While BYOB removes the pressure of picking the perfect bottle from a seemingly endless wine list, the question remains: what do you choose?
Now, the last time I was on a first date was about six years ago, so I’m not promising any miracles here. But I can help you find a bottle that will please you and your partner-to-be. Assuming your date spot is in Center City, the most likely wine shop will be the Fine Wine and Good Spirits on 21st and Market. Bear in mind that wine.com also ships to Philly, if planning ahead happens to be your thing. And for better or worse, many Philly BYOs fall into 1 of 3 categories: Italian (e.g., Mercato, Melograno, Porcini, Casta Diva), New American (e.g., Matyson, Audrey Claire, Pumpkin), or French (e.g., Bibou, Cochon, Will). Once you’ve got your reservation made, read on to seal the deal with the perfect wine.
As many of you know, Philly is far from lacking when it comes to the fresh pasta, tomato-ey sauces, and meaty goodness of Italian food, and some of the best pairings oh-so-conveniently come from Italy as well. Italian reds usually have the body and complexity to stand up to the heft of Italian sauces, while the strong acidity can serve to complement those common tomato flavors.
One of my favorites Italian values is the the Rocca delle Macie SaSyr Sangiovese and Syrah ($15). This wine blends the bright acidity of Sangiovese with the spiciness and slight dark chocolate bitterness of Syrah. Combine with velvety smooth tannins and you’ve got a match for many Italian treats.
For a complex, high quality option, reach for the Pio Cesare Dolcetto d’Alba ($20) from the Piedmont region in northwest Italy. Despite the earthy scents from this wine, the flavors are relatively fruity–red raspberry, cranberry, and pomegranate. With its vibrant acidity, this dry wine would be a great match to a meaty dish (I’m thinking braised wild boar) or something with lots of mushrooms. Make sure to give your glass some decent swirling, as the acidity mellows out with some air.
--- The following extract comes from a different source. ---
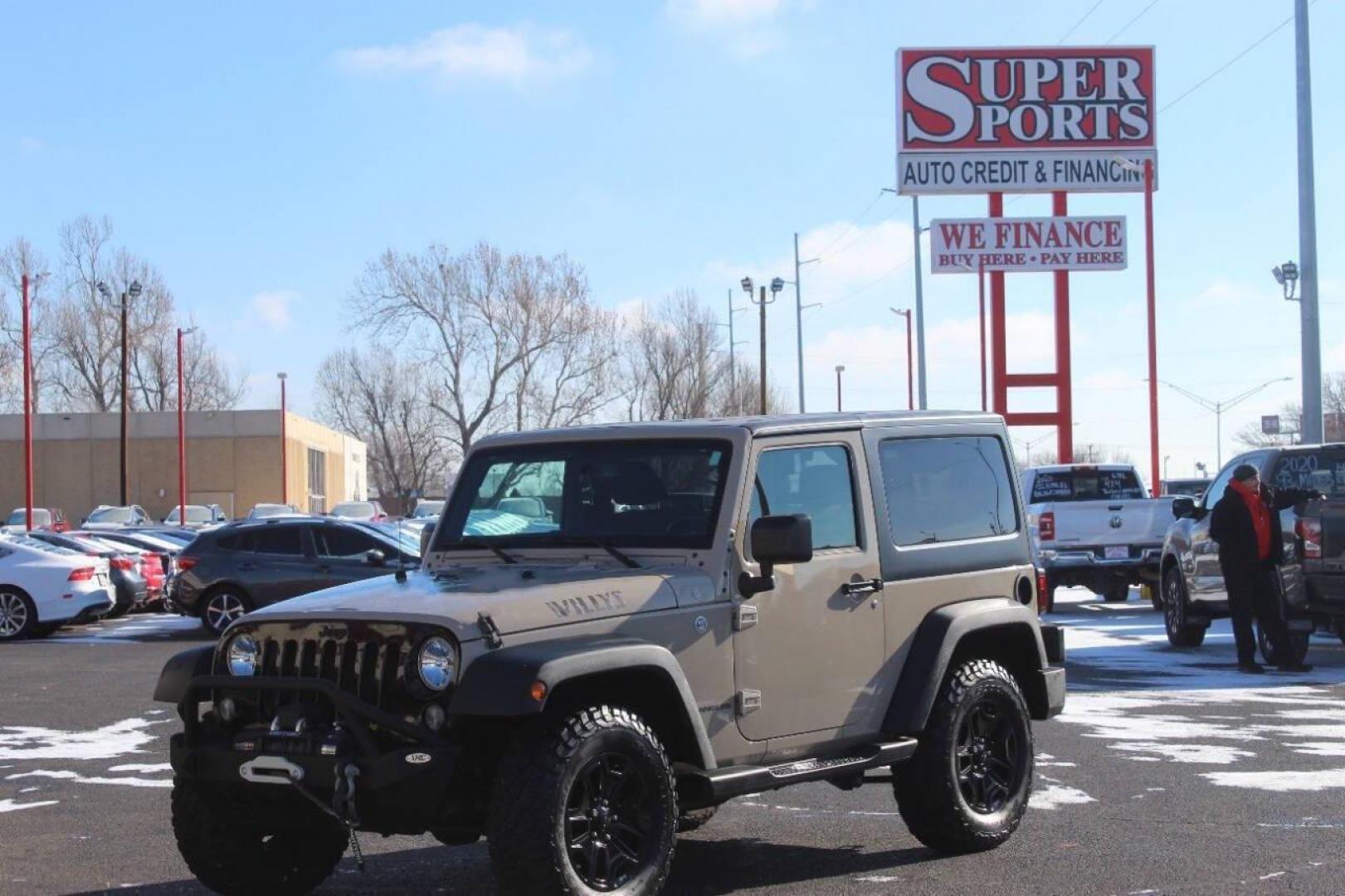 2016 Tan Jeep Wrangler Sport 4WD (1C4AJWAG7GL) with an 3.6L V6 DOHC 24V FFV engine, Automatic 5-Speed transmission, located at 4301 NW 39th , Oklahoma City, OK, 73112, (405) 949-5600, 35.512135, -97.598671 - NO DRIVERS LICENCE -NO FULL COVERAGE INSURANCE - NO CREDIT CHECK. COME ON OVER TO SUPERSPORTS, TAKE A LOOK AND TEST DRIVE. PLEASE GIVE US A CALL AT (405) 949-5600. NO LICENCIA DE CONDUCIR - NO SEGURO DE COBERTURA TOTAL - NO VERIFICACION DE CREDITO. VISITENOS EN SUPERSPORTS, MIRE NUESTRO - Photo#7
If you’re on a budget, try the Bolla Chianti for just shy of 10 dollars. This fuller bodied red has deep, dark cherry flavors and a bit of smoke to balance the sweetness. This is a good option if you’re thinking something more casual for your date, like pizza.
Because of the range of dishes under the category of “New American”, versatility is key when it comes to the wine. Here, I think of more approachable grapes, like Cabernet or Chardonnay, that can offer good value and rounder flavors when picked from New World regions (New World includes the Americas, South Africa, Australia, and New Zealand for wine). And just in case you need it, New World wines typically have higher alcohol levels than their Old World counterparts, given their warmer climates.
Keeping things domestic, the Cabernet Sauvignon from Bonterra ($16) is a reliable option. This wine has lovely black cherry flavors and black pepper spice balanced by a slight vanilla oakiness. The velvety smooth tannins with this wine allow you to pair with a number of dishes. Order a heartier meat dish or a salty cheese course for a match made in heaven–much like your date, right?
New American restaurants often have delicious fish or seafood options, too, so consider a richer white wine to carry you though the meal. The Marques de Casa Concha from Chile’s Concha y Toro winery ($19) has some oaky vanilla richness without being sweet or overbearing. The fresh fruit flavors and crisp acidity will do nicely with a filet of flaky white fish, scallops, or a range of poultry entrees.
French food is often very rich, with plenty of butter, cheese, and/or cream (no complaints here!). To cut through the richness of the food, you’ll want something with bright acidity to freshen your palate before you dive in for the next bite.
The Trimbach Riesling ($18) from Alsace is a dry (yes, dry Riesling, which is both abundant and delicious) French white that consistently delivers. While the wine has scents of tropical fruit, the flavors are more on the lemony, citrus side of things. The tangy acidity and crisp minerality is perfect for lobster, other seafood, or even veal.
As for reds, Oregon’s Pinot Noir is often likened to some of the top notch producers in France’s Burgundy region. If you have a few extra dollars to spare, consider the Benton Lane Pinot Noir ($25) from Oregon’s Willamette valley region. This light-bodied red has the tartness of red berries with a touch of earthiness. Duck, pork, or even gamier meats would be a good choice for this bottle.
This set of wines should hopefully get you to a second date, or at least make for an even tastier meal. Again, I make no promises, but if you do get lucky, I fully expect a thank you note. Merry mating!